My wife and i have been married for nearly 4 yrs w/ 2 kids (3 yrs, 1 yr), we have had communication problems and i've not met her mark in terms of getting us on a better financial standing. I have tried my best to get us on better financial standing...when things finally started to look good for me workwise and completing an mba...i got laid off from my employer (a large tech company)...no fault of my own...she's upset that for the last 5 years I've not been able to pull us out of our hand to mouth lifestyle, and how others have made it so far. For both of us, we are each other's first love, she wants out, I don't unfortunately or fortunately I feel she is a part of me now. Is there a way to prevent this from happening?


----------



## Sensitive (Mar 29, 2009)

I scream divorce alot lot when my husband annoys me.

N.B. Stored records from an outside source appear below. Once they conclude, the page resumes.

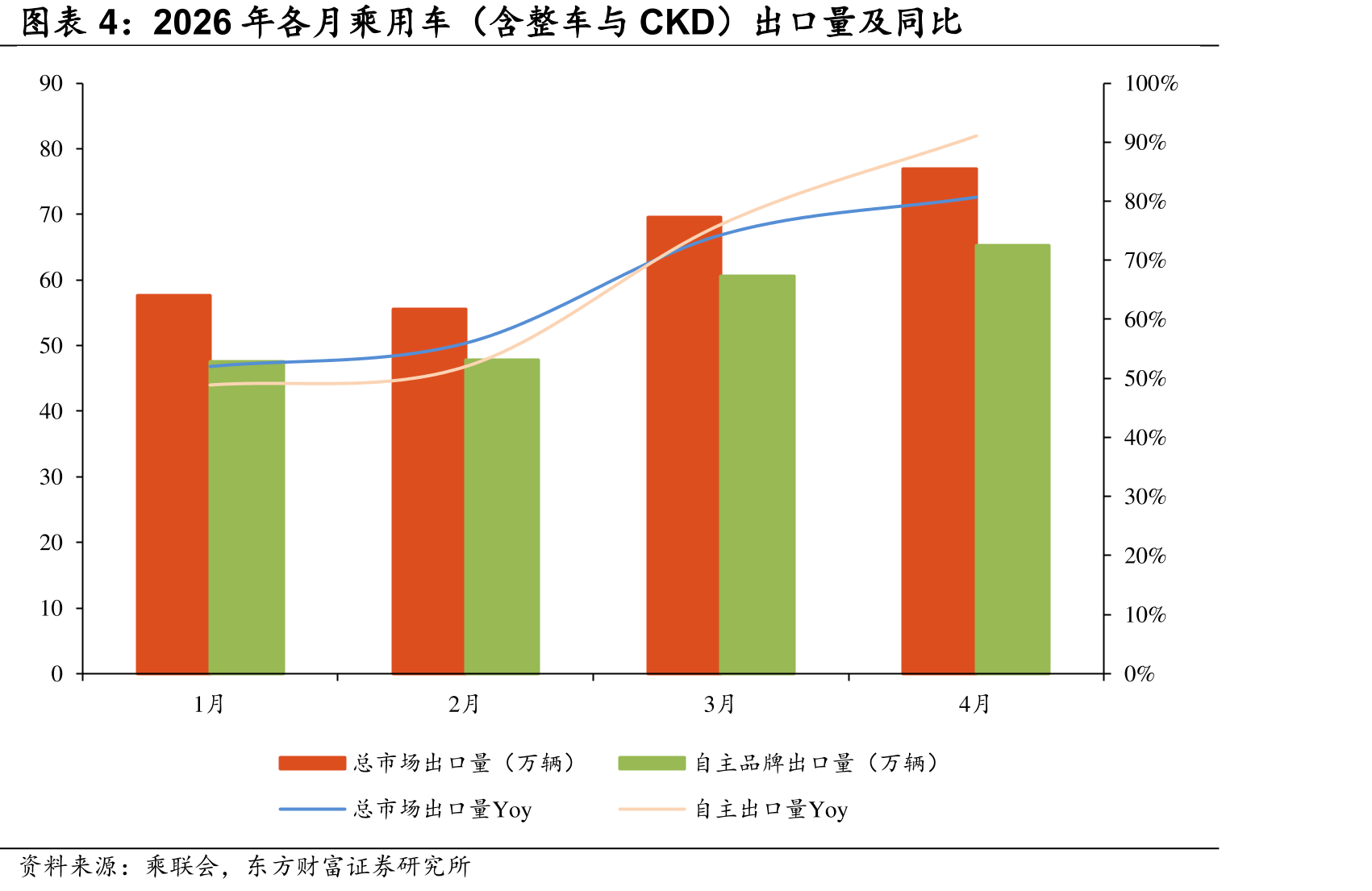 2026年各月乘用车（含整车与CKD）出口量及同比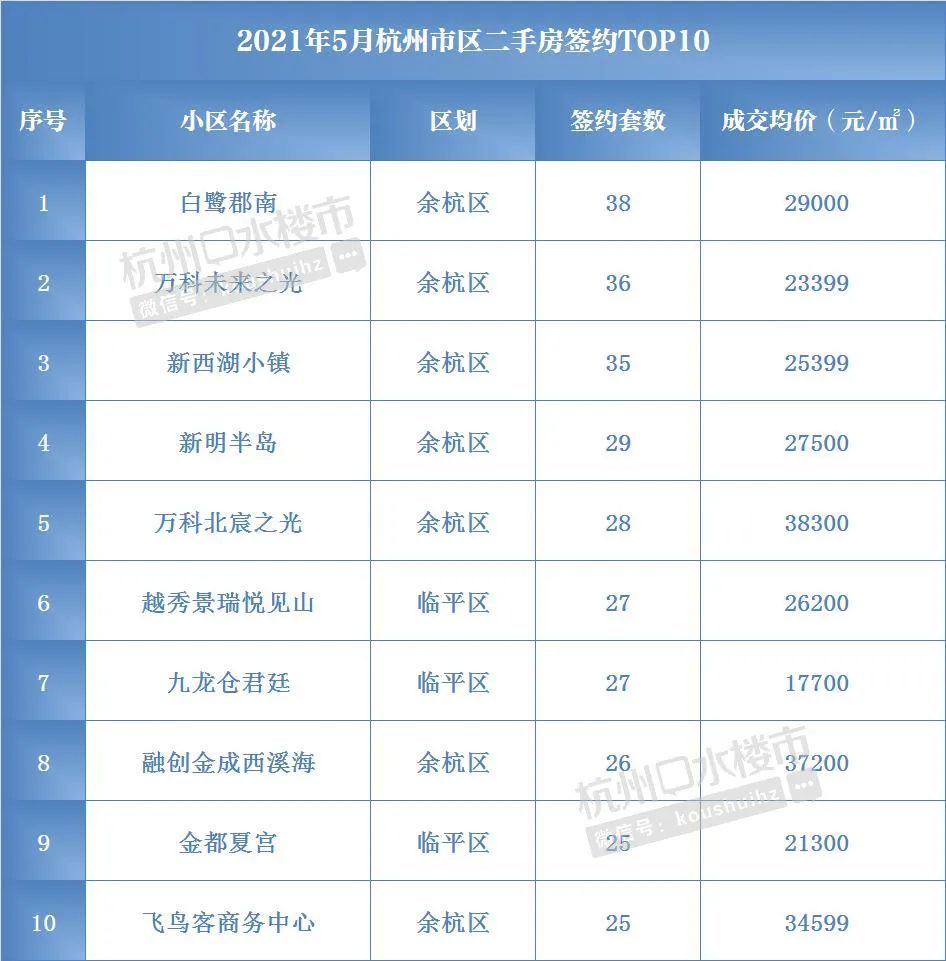 杭州6月二手房成交房价表 杭州市6月份二手房成交多少套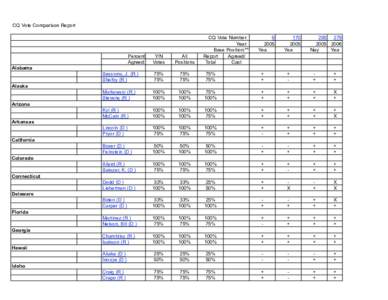 CQ Vote Comparison Report  Percent Agreed:  CQ Vote Number: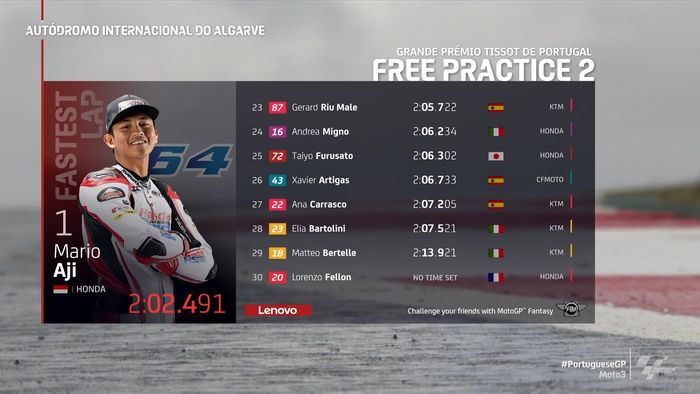 Hasil FP2 Moto3 Portugal 2022 23-30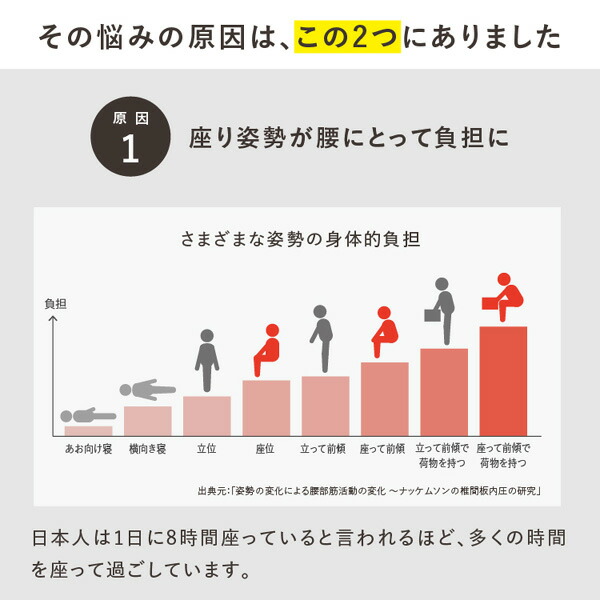 ドリーム　 プロイデア　ゆらゆら腰サポート座椅子　腰痛　姿勢　くつろぎ　プレゼント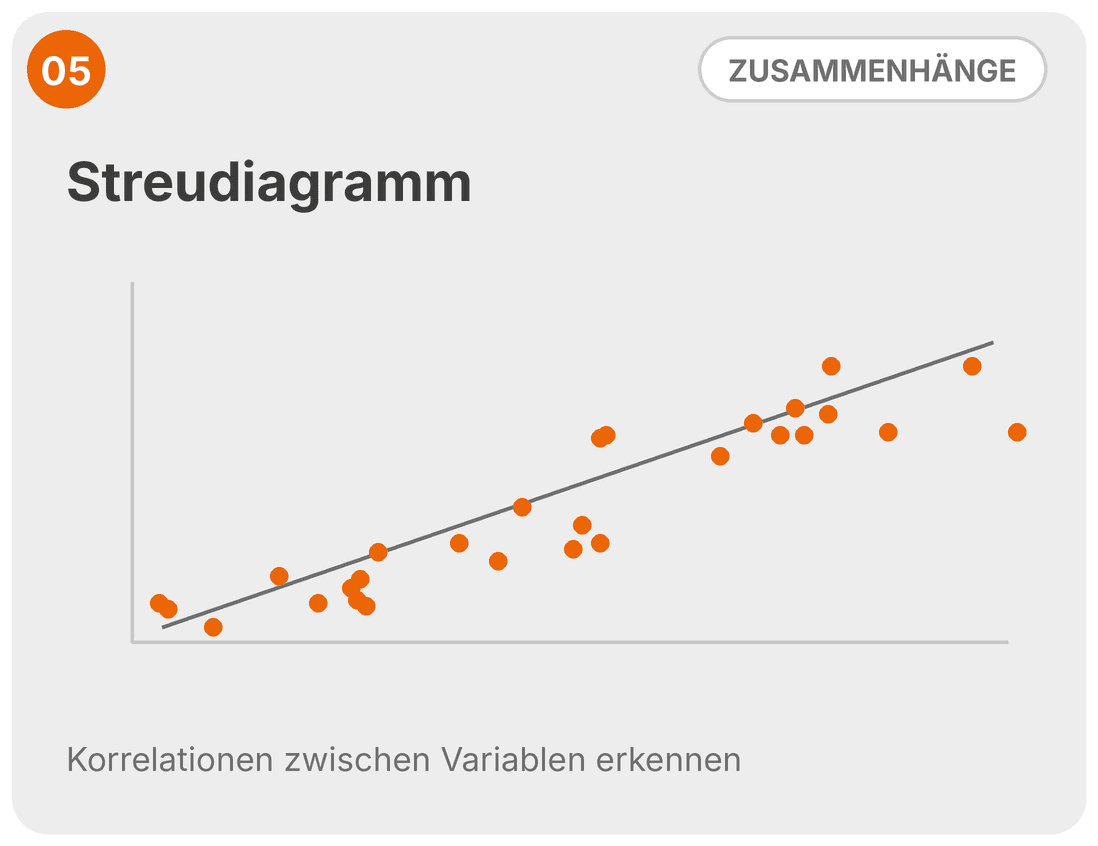 Streudiagramm als SIX SIGMA Tool: Punktwolke mit Trendlinie, die einen positiven Zusammenhang zweier Größen zeigt
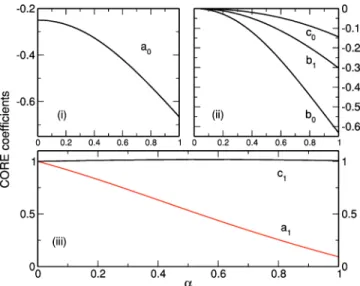 FIG. 3. (Color online) CORE coefficients [see Eq. (6)] for two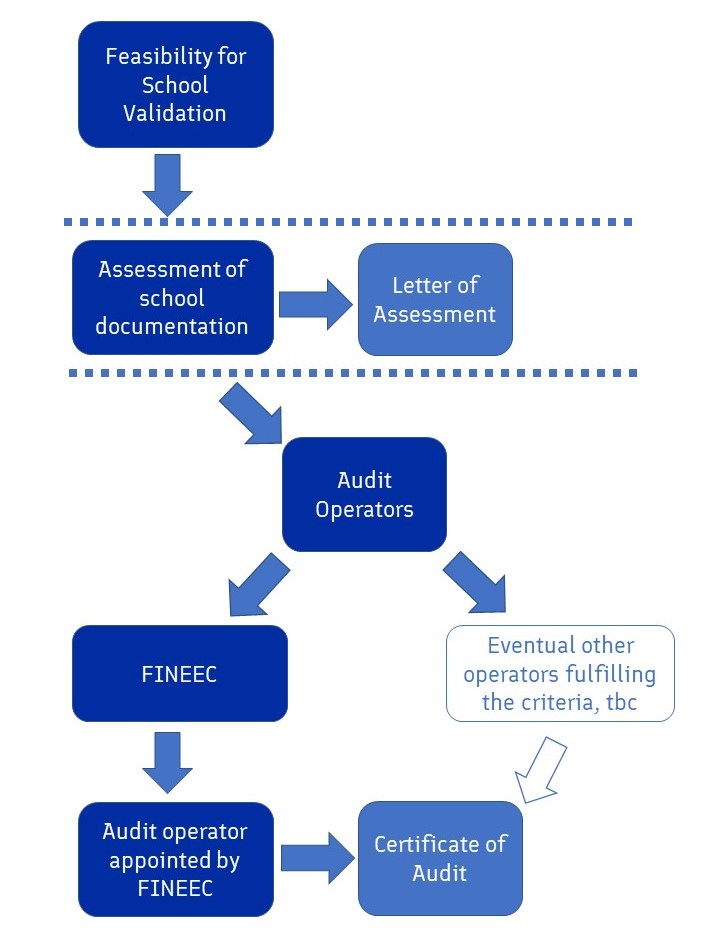 Steps of the process: feasibility for school validation; assessment of school documentation upon which a letter of assessment is issued; and audit performed by an audit operator such as FINEEC, upon which a certificate of audit is assigned.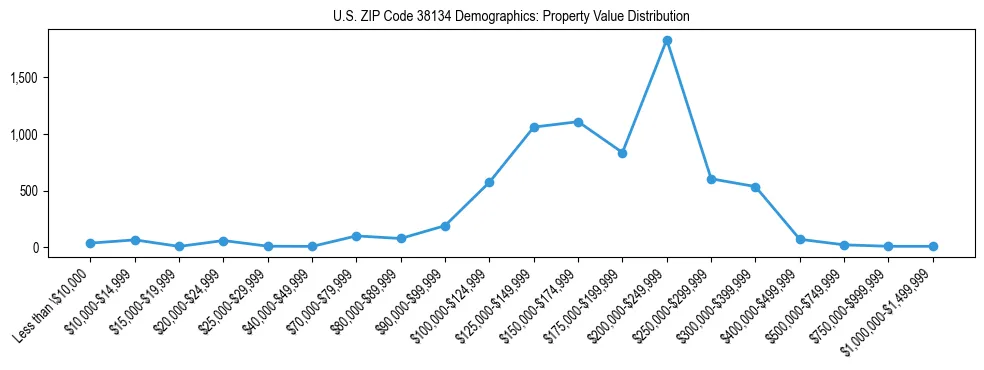 Line chart showing the distribution of property values for owner-occupied housing units in US ZIP Code 38134.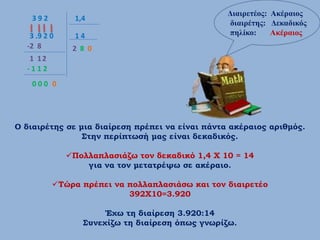 Διαιρετέος: Ακέραιος
    392        1,4
                                                 διαιρέτης: Δεκαδικός
   3 .9 2 0    14                                πηλίκο:     Ακέραιος
  -2 8         2 8 0
   1 12
  -112
    000 0




Ο διαιρέτης σε μια διαίρεση πρέπει να είναι πάντα ακέραιος αριθμός.
                Στην περίπτωσή μας είναι δεκαδικός.

              Πολλαπλασιάζω τον δεκαδικό 1,4 Χ 10 = 14
                  για να τον μετατρέψω σε ακέραιο.

          Τώρα πρέπει να πολλαπλασιάσω και τον διαιρετέο
                          392Χ10=3.920

                      Έχω τη διαίρεση 3.920:14
                 Συνεχίζω τη διαίρεση όπως γνωρίζω.
 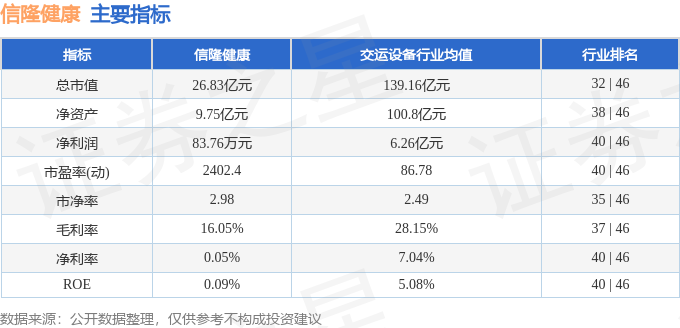 MK体育信隆健康（002105）4月22日主力资金净卖出303493万元(图2)
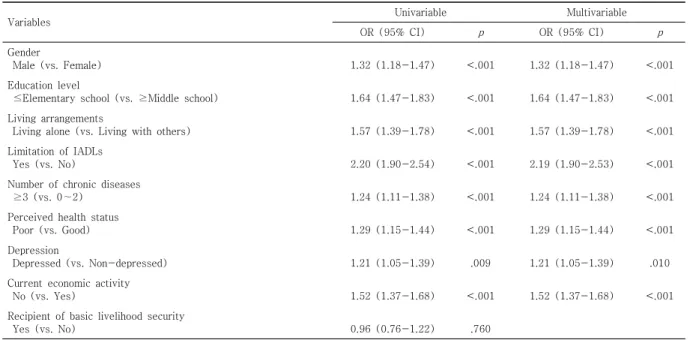 Table  2.  Factors  associated  with  Subjective  Age  among  Community  Dwelling  Older  Adults                       ( N =8,040)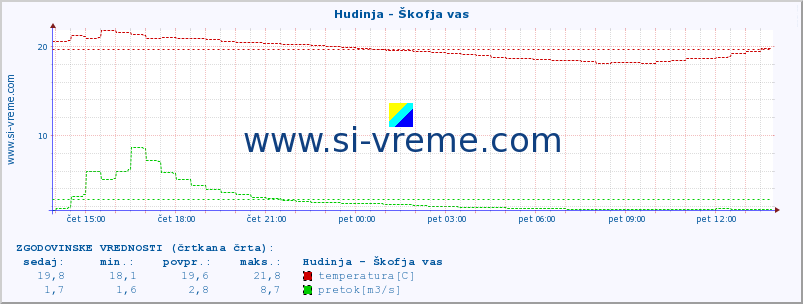 POVPREČJE :: Hudinja - Škofja vas :: temperatura | pretok | višina :: zadnji dan / 5 minut.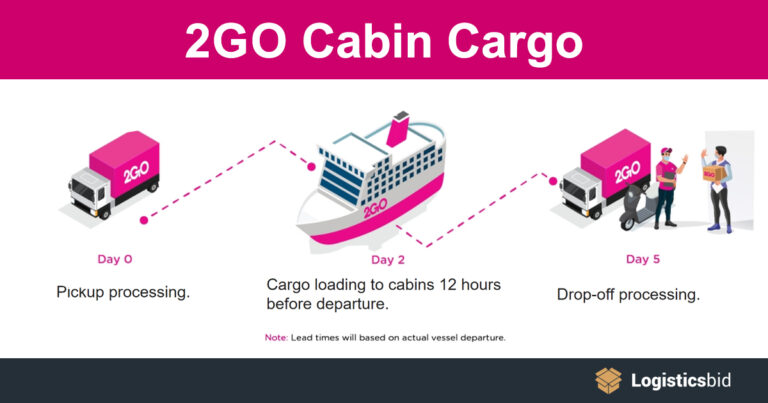Logistics Company Spotlight: Why 2GO is the Go-2 Logistics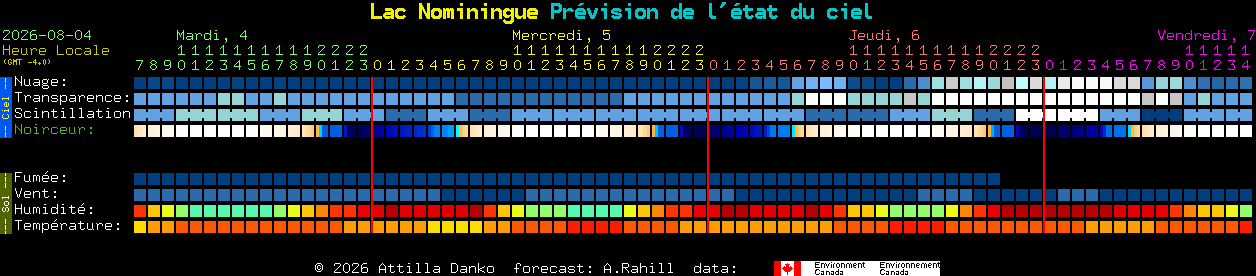 Current forecast for Lac Nominingue Clear Sky Chart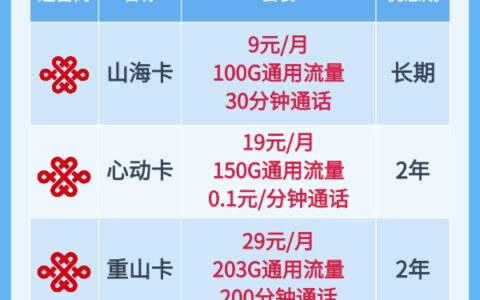 联通有什么套餐流量多又便宜？这篇文章告诉你
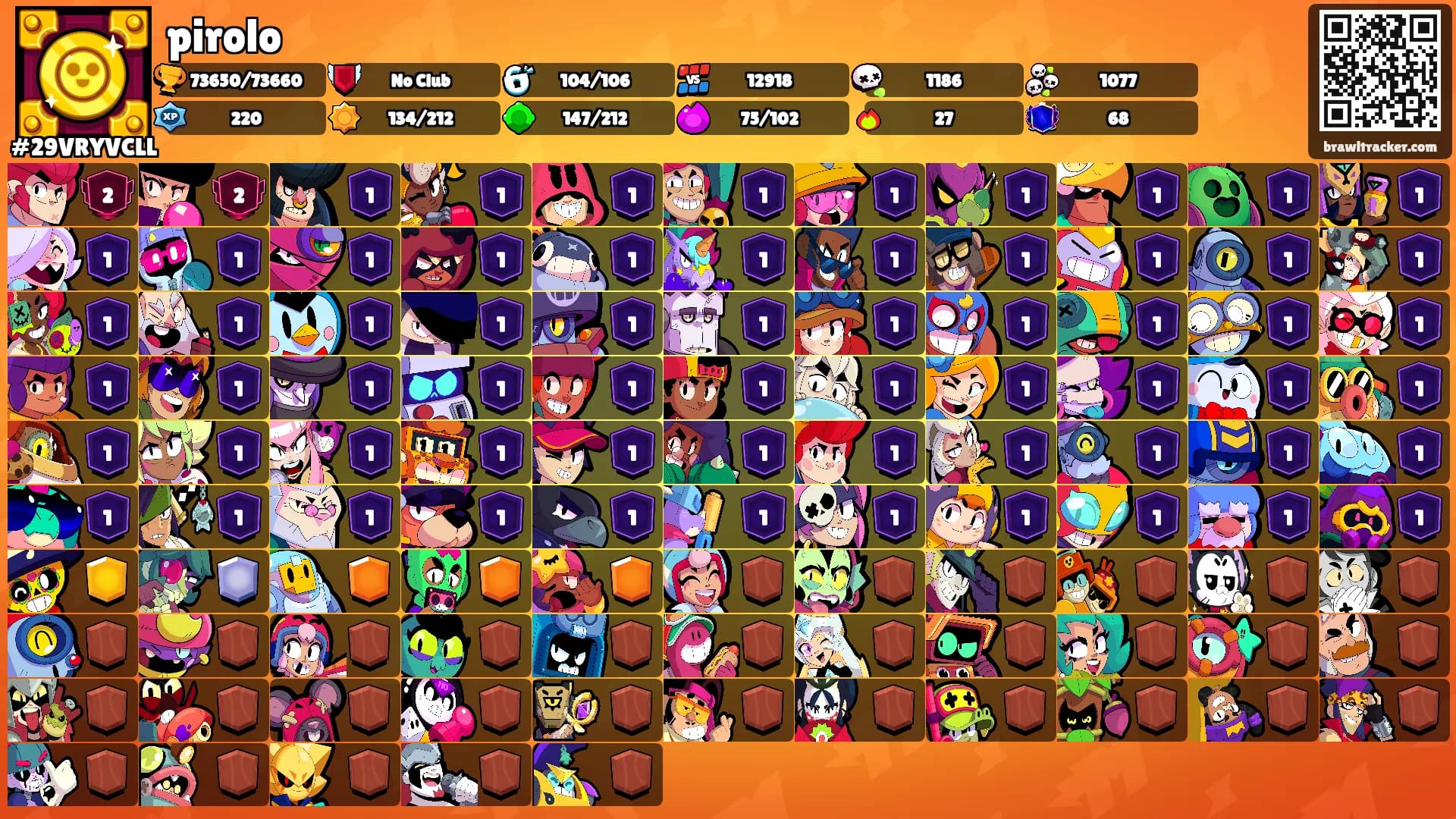 pirolo's Ranks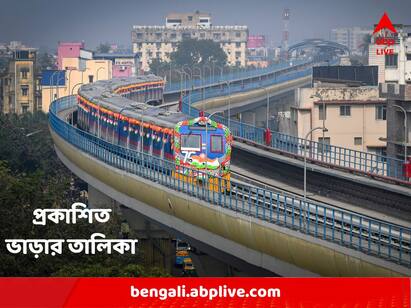 New Garia to Ruby Metro Services fare list released, Services to start when ? Kolkata Metro Service : প্রকাশিত হল ভাড়ার তালিকা, কবে চালু নিউ গড়িয়া-রুবি মেট্রো পরিষেবা ?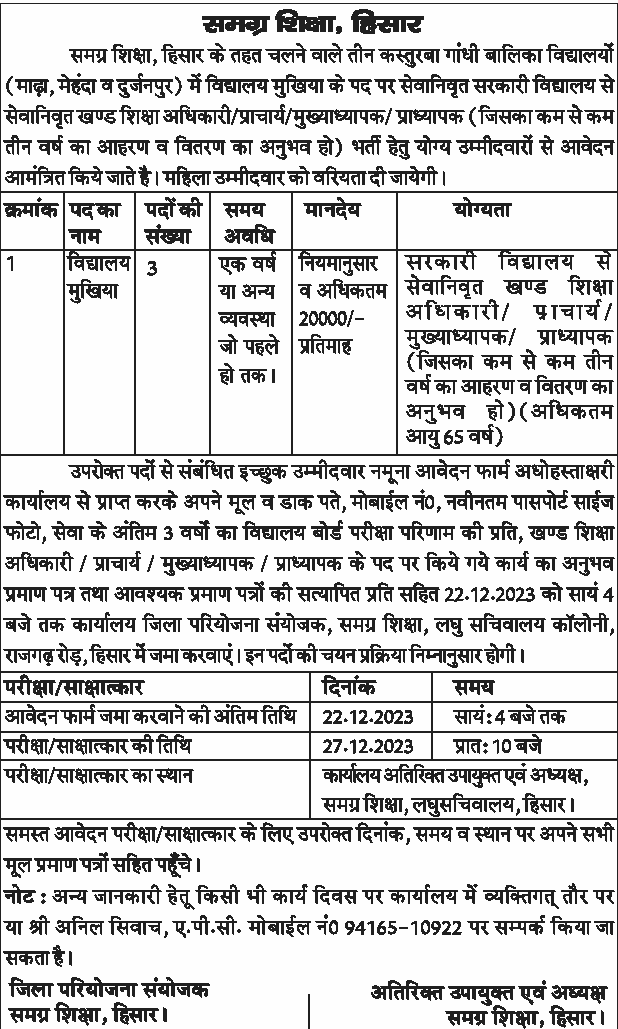 समग्र शिक्षा, हिसार भर्ती फॉर्म 2023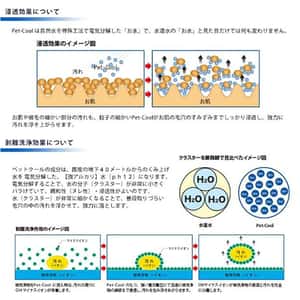 日本Pet Cool Body Care 萬能水噴霧 300ml (圖片3)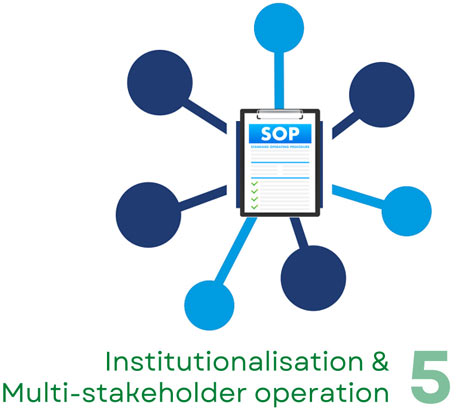 Institutionalisation & Multi-stakeholder operation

Money is a huge stressor. I hope you didn't say you were out of a job for 5 years. Did you also pay your own way through business school? That is also a huge expense. With the kids being so young, I can't imagine her not getting stressed and frustrated. As parents, I think we want the very best for our kids. Many women want to stay home with the kids and delay working fulltime, and really depend on the husband to be the breadwinner. You might need to think outside the box to get a job. I am working nightshift weekends to make ends meet, because hubby can't support me.


----------